Published in final edited form as: Manuf Lett. 2020;23:https://doi.org/10.1016/j.mfglet.2019.12.002.

Accurate determination of laser spot position during laser powder bed fusion process thermography

Ivan Zhirnov 1,*, Sergey Mekhontsev 1, Brandon Lane 1, Steven Grantham 1, Nikola Bura 1
PMCID: PMC7448612  NIHMSID: NIHMS1573036  PMID: 32855904

Abstract

High-speed thermography is useful tool for researching the laser powder bed fusion process by providing thermal information in heat affected zone. However, it is not directly possible to ascertain the position of the laser spot with respect to the melt pool, which could provide key information regarding how laser energy is distributed and absorbed.

In this paper, we demonstrate a procedure for registering the laser spot position with the melt pool using a bright illumination source co-axially aligned with the laser to project a sharp spot on the build plane. This spot is fixed to the laser position and used as a reference frame for registering the laser spot with the melt pool radiance temperature distribution. Measurement results demonstrate the effect of varying process parameters (laser power and scan speed) on the melt pool thermal field and respective position of the laser spot.

Keywords: Laser powder bed fusion, Additive manufacturing, Thermography

1. Introduction

The physics of the LPBF process exhibit a wide range of temperatures (up to or beyond 3000 °C), large temperature gradients (105 °C/m to 107 °C/m), high surface heating and cooling rates (103 °C/s to 106 °C/s), and small melt pool scale (<1 mm) [1]. Optimization of the material melting, as well as layer-by-layer fabrication of parts, is a nontrivial task.
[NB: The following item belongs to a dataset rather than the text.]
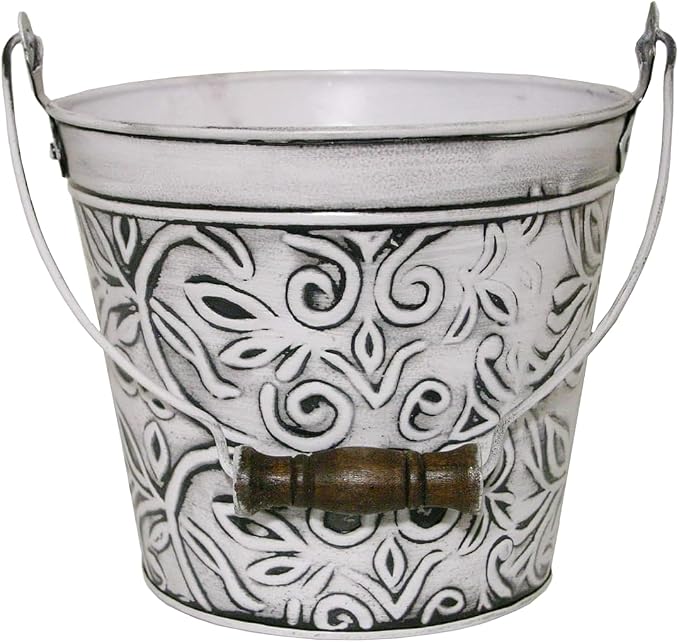 Headwind Vintage Collection - Floral Rustic White Planter with Handles – 8 Inch Medium Flower Pots Decorative Plant Indoor – Plant Pots Indoor with Drainage By Robert Allen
For this purpose, multi-physics simulations are used to numerically replicate the process [2,3], and precise measurements are required to inform and validate these simulations. One important factor is the exact position of energy input relative to the melt pool. Measurement of this factor can guide development of energy input models [4], keyhole or vapor depression models [3,5], or melt pool fluid convection [6]. Ultimately, simulations of melt pool phenomena can guide estimation of the resultant solidified microstructure [79]. However, the spatial relationship between laser input and melt pool shape or temperature field is seldom observed or highlighted.
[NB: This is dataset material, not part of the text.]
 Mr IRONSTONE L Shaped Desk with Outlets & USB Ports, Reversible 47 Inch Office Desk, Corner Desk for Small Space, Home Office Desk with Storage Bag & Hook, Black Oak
Few studies have attempted to correlate the laser spot position to melt pool phenomena. For instance, Hooper [10] indicated the position of the laser beam coincides with the hottest area in the molten pool. In contrast, Gusarov et al. [11] simulated the effect of scanning speed on the temperature distribution and melt pool size using a conduction based model, which always resulted in the peak temperature located behind the laser profile. Khairallah et al. [2] showed a more complex effect of recoil pressure and Marangoni convection in the melt pool flow which creates complex variations in molten pool surface temperature. Leung et al. showed the position of the laser with respect to vapor depression (without temperature measurement) using high speed X-ray imaging [12].
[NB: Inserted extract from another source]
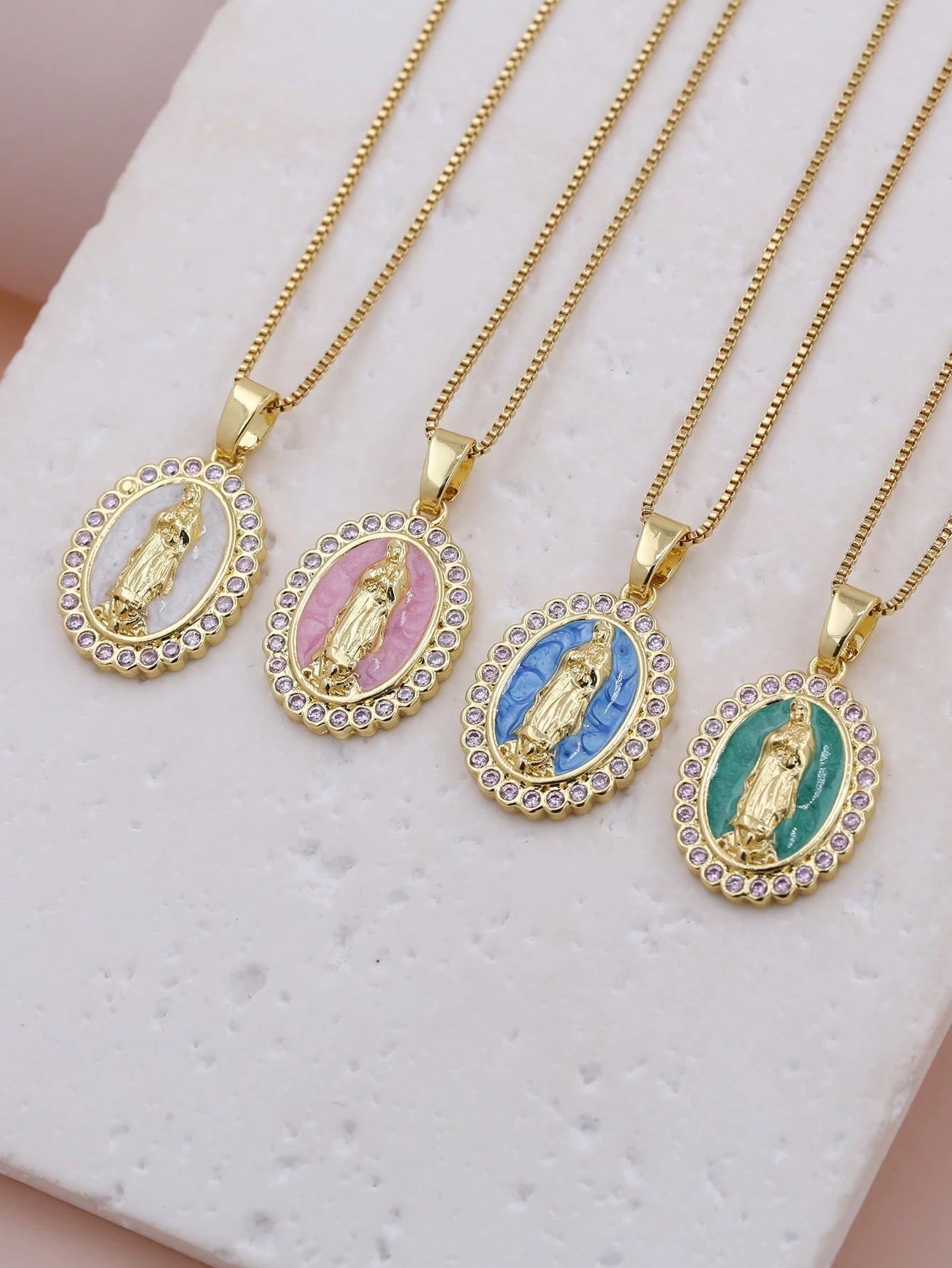 Virgin Mary Enamel Necklace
This paper describes a method for measuring the spatial position of a laser beam relative to the radiance temperature distribution in the melt pool. This enables direct measurement of the laser energy distribution with respect to a surface temperature map of the heat-affected zone (HAZ). This technique allows key physical relationships between the laser energy input and resulting thermal field to be explored.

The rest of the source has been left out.